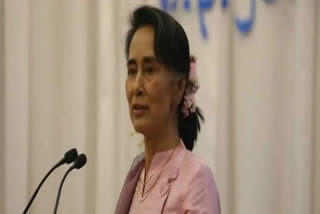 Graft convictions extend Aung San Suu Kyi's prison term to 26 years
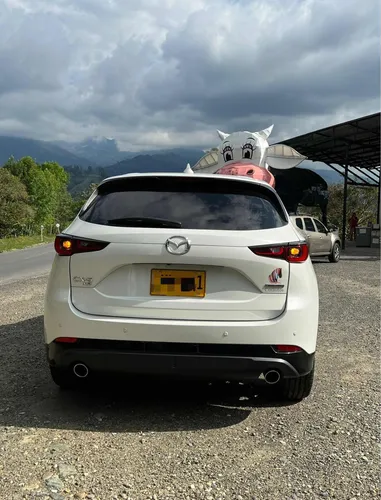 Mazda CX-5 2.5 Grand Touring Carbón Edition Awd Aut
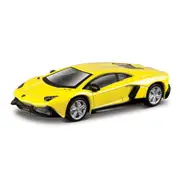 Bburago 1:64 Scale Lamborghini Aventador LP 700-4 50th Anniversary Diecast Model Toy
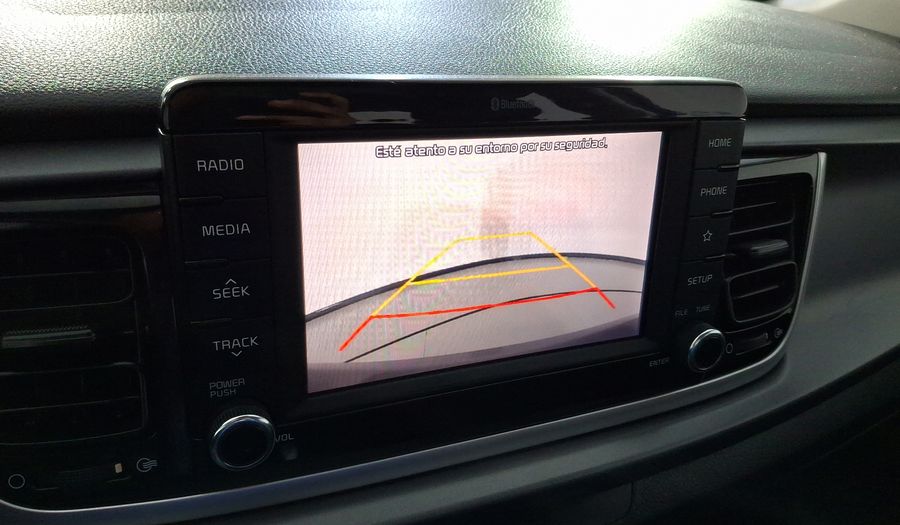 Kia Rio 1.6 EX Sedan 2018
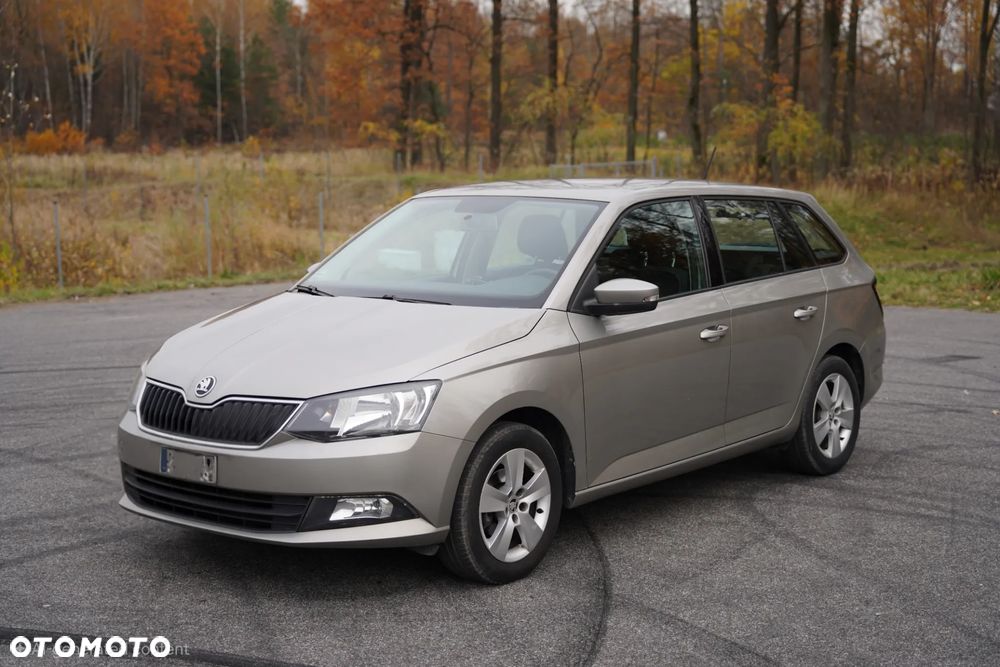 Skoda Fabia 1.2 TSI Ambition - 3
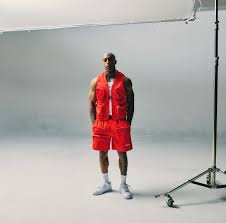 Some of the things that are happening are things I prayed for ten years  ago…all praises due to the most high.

____________________

Reproduce all of the entries above word for word, but leave out their pictures.

--- RESPONSE ---
 Graft convictions extend Aung San Suu Kyi's prison term to 26 years
 Mazda CX-5 2.5 Grand Touring Carbón Edition Awd Aut
 Bburago 1:64 Scale Lamborghini Aventador LP 700-4 50th Anniversary Diecast Model Toy
 Kia Rio 1.6 EX Sedan 2018
 Skoda Fabia 1.2 TSI Ambition - 3
 Some of the things that are happening are things I prayed for ten years  ago…all praises due to the most high.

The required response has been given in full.